We hear this in almost every initial scoping conversation. A manufacturer wants to build an AI system — demand forecasting, quality prediction, scheduling optimization — and the assumption is that the data lives in the ERP and the hard part is the AI. So let’s just connect to the ERP and get started.

Then we actually look at the ERP.

The system was implemented 12 years ago. It’s been customized by three different consulting firms. The vendor’s standard API covers about 60% of the data the AI needs — the other 40% lives in custom tables that nobody documented. There are 47 custom reports, each querying the database differently, and no two of them agree on the definition of “on-time delivery.” The production module is used for scheduling, but the planners override it daily using a spreadsheet that has its own logic. And the system has 15 years of historical data — but the first 8 years were entered inconsistently because the company was still figuring out the software.

“Just connect to the ERP” is like saying “just climb that mountain” when you’re pointing at Everest wearing sneakers.

This is a core part of the technical debt tax manufacturers pay on every AI initiative. The ERP isn’t the problem. It does what it was designed to do — manage transactions, enforce business processes, and serve as the system of record. The problem is that ERPs were never designed to be data platforms for AI. And the gap between “transactional system” and “AI-ready data source” is where most AI projects go to die.

The 5 Most Common ERP Data Problems That Kill AI Projects

1. The Definition Problem

Ask your ERP what “on-time delivery” means. Actually, don’t ask the ERP — ask five people who use the ERP. You’ll get five different answers.

Does “on-time” mean the original requested date? The confirmed date? The most recent promised date after the third revision? Does “delivery” mean shipped from the warehouse or received at the customer site? Does it count if the order was 95% complete?

Why this kills AI: A demand forecasting model trained on “on-time delivery” data where the definition is inconsistent will produce forecasts that are precisely wrong. The model learns patterns in the noise and treats definitional inconsistency as signal.

The scope of the problem: In our assessments, we typically find 15-30 key business terms that have inconsistent definitions across the organization. This is a major contributor to the cost of bad data. Each one is a potential data integrity issue for any AI system that relies on it.
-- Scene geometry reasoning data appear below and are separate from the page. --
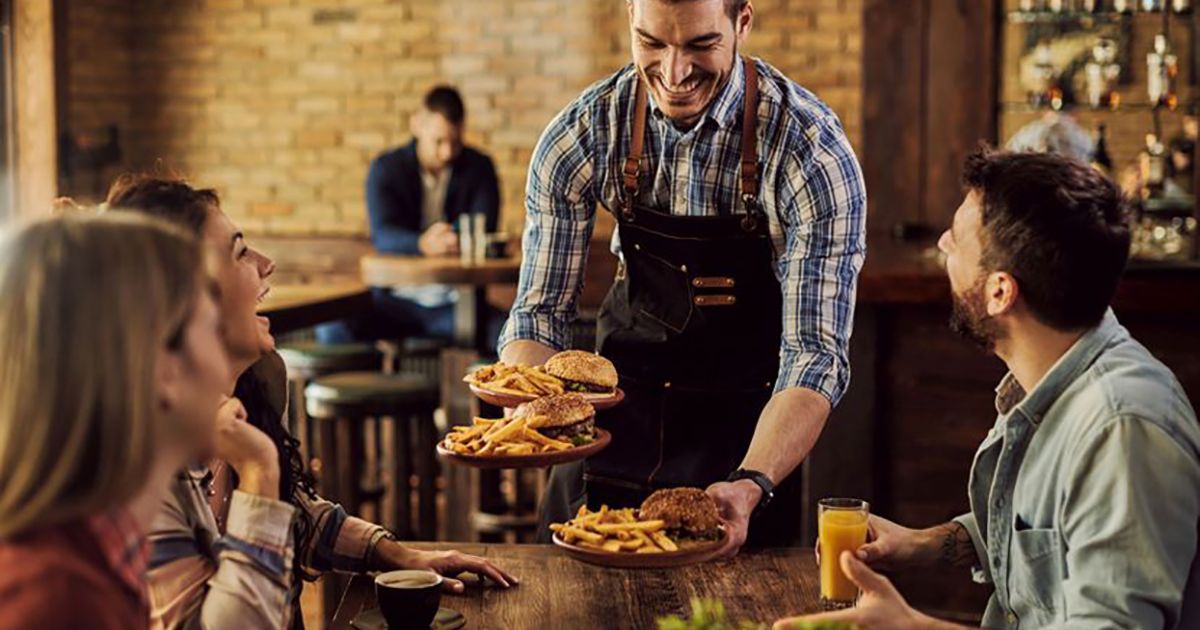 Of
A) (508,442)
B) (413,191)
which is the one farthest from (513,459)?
(413,191)

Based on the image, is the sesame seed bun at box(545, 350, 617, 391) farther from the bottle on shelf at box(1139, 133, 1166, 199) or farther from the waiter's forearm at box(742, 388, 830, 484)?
the bottle on shelf at box(1139, 133, 1166, 199)

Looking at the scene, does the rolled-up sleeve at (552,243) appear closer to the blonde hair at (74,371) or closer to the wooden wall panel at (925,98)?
the blonde hair at (74,371)

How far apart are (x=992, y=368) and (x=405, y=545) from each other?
2.73 metres

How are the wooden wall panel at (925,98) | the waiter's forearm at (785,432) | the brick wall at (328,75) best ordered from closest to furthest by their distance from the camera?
the waiter's forearm at (785,432)
the wooden wall panel at (925,98)
the brick wall at (328,75)

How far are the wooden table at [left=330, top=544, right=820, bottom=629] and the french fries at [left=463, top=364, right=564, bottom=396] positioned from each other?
0.87 feet

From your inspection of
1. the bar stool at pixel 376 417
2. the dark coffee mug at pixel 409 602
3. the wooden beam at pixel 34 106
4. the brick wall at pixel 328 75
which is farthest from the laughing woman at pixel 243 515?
the wooden beam at pixel 34 106

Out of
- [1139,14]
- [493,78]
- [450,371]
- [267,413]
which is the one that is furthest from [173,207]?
[493,78]

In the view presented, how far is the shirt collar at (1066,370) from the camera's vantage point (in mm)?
2166

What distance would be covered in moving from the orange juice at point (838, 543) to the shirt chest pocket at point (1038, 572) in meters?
0.23

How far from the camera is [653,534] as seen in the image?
220 centimetres

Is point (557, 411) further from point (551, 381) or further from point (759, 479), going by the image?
point (759, 479)

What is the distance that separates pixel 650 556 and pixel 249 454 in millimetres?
551

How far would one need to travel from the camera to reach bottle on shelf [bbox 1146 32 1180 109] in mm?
5699

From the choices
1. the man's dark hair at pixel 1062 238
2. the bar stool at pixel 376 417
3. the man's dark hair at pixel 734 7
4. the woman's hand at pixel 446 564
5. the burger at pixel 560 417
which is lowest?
the bar stool at pixel 376 417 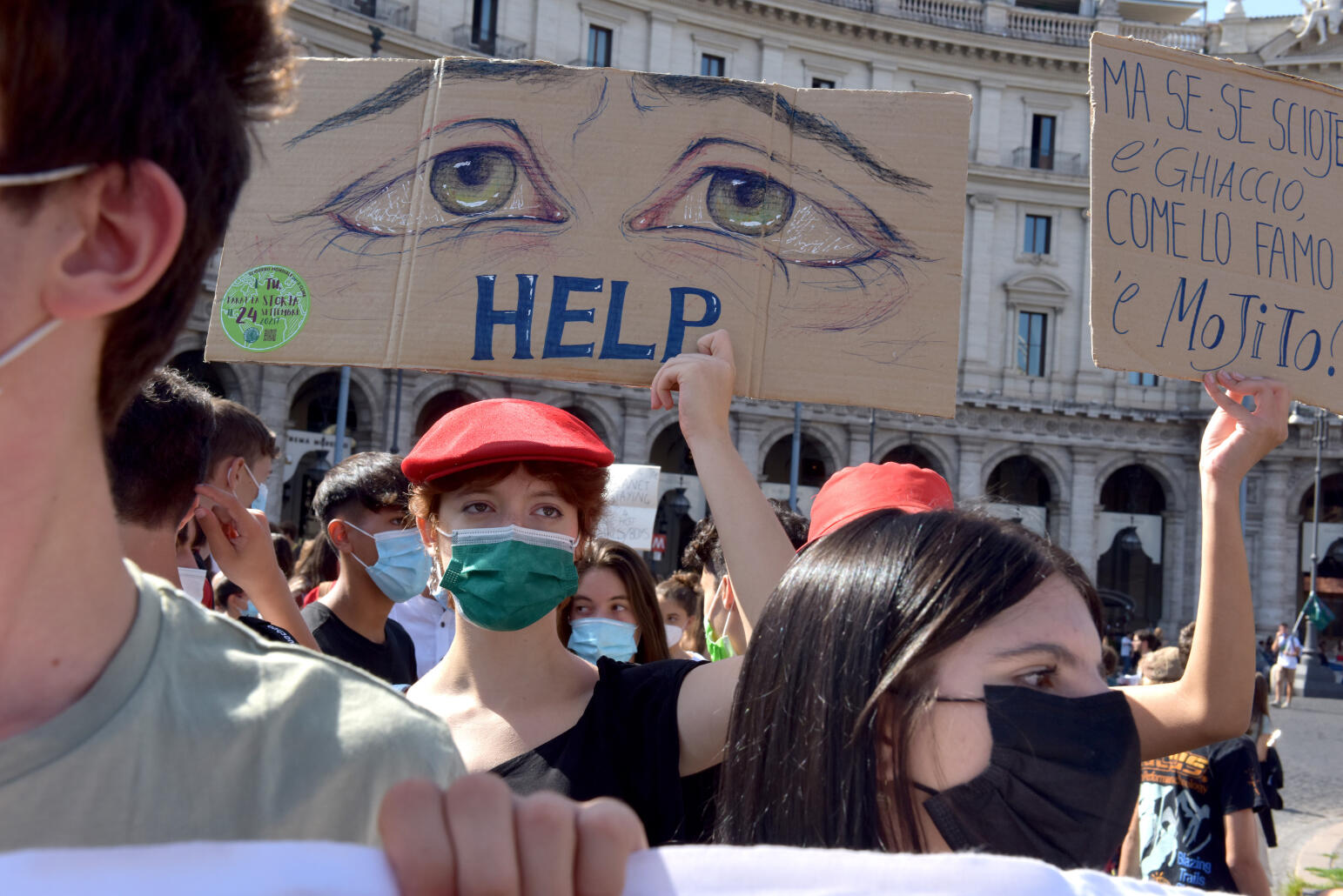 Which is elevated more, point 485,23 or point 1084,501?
point 485,23

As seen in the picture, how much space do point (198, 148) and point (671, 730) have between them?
1460mm

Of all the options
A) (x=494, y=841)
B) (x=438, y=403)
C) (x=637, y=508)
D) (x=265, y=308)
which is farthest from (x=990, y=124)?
(x=494, y=841)

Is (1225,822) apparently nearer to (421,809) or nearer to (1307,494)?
(421,809)

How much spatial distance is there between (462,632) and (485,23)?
3099cm

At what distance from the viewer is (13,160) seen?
2.98 feet

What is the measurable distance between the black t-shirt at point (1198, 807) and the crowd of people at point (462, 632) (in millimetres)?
1877

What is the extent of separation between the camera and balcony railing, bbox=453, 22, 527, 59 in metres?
30.0

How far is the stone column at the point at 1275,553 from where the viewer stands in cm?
3606

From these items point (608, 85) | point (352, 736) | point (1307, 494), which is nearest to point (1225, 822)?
point (608, 85)

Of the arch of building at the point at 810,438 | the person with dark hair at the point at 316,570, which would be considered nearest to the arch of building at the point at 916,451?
the arch of building at the point at 810,438

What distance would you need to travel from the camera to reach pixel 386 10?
29000 mm

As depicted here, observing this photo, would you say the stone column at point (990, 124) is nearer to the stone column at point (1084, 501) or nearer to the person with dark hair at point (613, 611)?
the stone column at point (1084, 501)

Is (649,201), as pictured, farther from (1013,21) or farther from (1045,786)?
(1013,21)

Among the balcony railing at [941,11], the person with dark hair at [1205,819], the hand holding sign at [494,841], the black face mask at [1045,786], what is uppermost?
the balcony railing at [941,11] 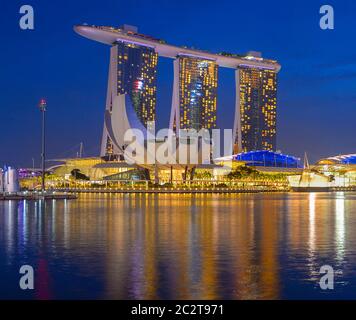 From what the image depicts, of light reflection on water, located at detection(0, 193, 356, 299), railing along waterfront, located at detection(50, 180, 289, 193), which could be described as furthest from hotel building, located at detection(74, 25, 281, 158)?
light reflection on water, located at detection(0, 193, 356, 299)

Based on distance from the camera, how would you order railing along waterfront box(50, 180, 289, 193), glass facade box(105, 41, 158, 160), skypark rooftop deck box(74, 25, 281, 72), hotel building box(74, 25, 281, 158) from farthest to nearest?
glass facade box(105, 41, 158, 160)
hotel building box(74, 25, 281, 158)
skypark rooftop deck box(74, 25, 281, 72)
railing along waterfront box(50, 180, 289, 193)

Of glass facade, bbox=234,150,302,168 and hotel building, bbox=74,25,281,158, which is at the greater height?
hotel building, bbox=74,25,281,158

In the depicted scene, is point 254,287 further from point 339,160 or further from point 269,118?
point 269,118

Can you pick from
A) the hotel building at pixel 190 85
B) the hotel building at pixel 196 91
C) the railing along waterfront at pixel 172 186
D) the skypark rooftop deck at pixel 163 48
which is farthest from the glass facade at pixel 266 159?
the skypark rooftop deck at pixel 163 48

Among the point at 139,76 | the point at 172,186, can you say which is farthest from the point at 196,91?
the point at 172,186

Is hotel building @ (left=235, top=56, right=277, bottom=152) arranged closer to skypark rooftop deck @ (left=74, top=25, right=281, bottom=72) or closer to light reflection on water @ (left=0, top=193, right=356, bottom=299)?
skypark rooftop deck @ (left=74, top=25, right=281, bottom=72) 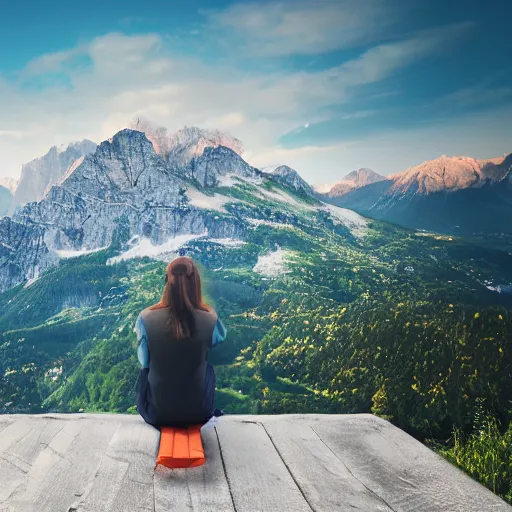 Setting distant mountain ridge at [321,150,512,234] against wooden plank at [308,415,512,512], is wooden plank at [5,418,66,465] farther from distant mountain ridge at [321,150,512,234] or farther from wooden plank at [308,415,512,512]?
distant mountain ridge at [321,150,512,234]

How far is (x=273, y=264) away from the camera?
1016 inches

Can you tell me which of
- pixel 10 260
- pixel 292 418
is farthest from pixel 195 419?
pixel 10 260

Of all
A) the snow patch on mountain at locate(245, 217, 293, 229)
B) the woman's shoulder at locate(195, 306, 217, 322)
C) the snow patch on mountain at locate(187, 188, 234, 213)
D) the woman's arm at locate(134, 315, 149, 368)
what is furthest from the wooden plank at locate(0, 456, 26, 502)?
the snow patch on mountain at locate(187, 188, 234, 213)

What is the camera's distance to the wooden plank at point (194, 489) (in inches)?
81.7

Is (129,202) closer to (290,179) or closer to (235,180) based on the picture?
(235,180)

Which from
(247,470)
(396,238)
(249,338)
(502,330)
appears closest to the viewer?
(247,470)

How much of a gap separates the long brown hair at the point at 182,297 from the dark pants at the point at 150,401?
428mm

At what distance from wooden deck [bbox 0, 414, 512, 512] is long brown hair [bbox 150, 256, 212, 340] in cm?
73

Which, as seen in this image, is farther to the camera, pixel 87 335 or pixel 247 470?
pixel 87 335

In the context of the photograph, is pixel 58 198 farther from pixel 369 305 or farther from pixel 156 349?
pixel 156 349

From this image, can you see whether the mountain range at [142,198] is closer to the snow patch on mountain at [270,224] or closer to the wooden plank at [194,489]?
the snow patch on mountain at [270,224]

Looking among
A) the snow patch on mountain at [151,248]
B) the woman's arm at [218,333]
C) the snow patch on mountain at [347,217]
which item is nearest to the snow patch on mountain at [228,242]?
the snow patch on mountain at [151,248]

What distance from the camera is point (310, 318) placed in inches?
687

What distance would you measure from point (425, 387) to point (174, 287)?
7913 millimetres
2. The Customization Problem

No mid-market manufacturer runs a vanilla ERP. The system has been customized to match your processes — which means the data model has been customized too. Custom fields, custom tables, custom workflows, custom validation rules.

Why this kills AI: Custom data structures aren’t covered by standard connectors, standard APIs, or standard documentation. Every integration is a custom engineering effort. When the ERP vendor releases an upgrade, custom elements may break. When the AI team needs a new data field, they’re modifying a customized system that nobody fully understands.

A precision machining company we worked with had 340 custom fields across their ERP. Of those, 87 were actively used. Of those 87, only 23 were documented. The remaining 64 required forensic investigation — interviewing users, reverse-engineering reports, and testing assumptions against actual data — before the AI team could use them.

3. The Historical Data Problem

AI models love historical data. ERPs have lots of it. But the historical data in most ERPs is unreliable for AI training, for reasons nobody mentions in the vendor pitch:

Schema changes over time. Fields were added, removed, or redefined. A field that means “product category” today might have meant “product line” three years ago — and the values weren’t migrated.
Process changes not reflected in data. When the company changed its inspection process in 2021, the data format changed too — but nobody flagged the pre-2021 data as following a different process.
Data entry inconsistency. Free-text fields that should have been dropdowns. Different conventions for part numbers, customer names, and addresses. Abbreviations that mean different things to different people.
Missing data. Fields that were “optional” during implementation but turn out to be critical for AI. Timestamps that weren’t captured. Status changes that weren’t logged.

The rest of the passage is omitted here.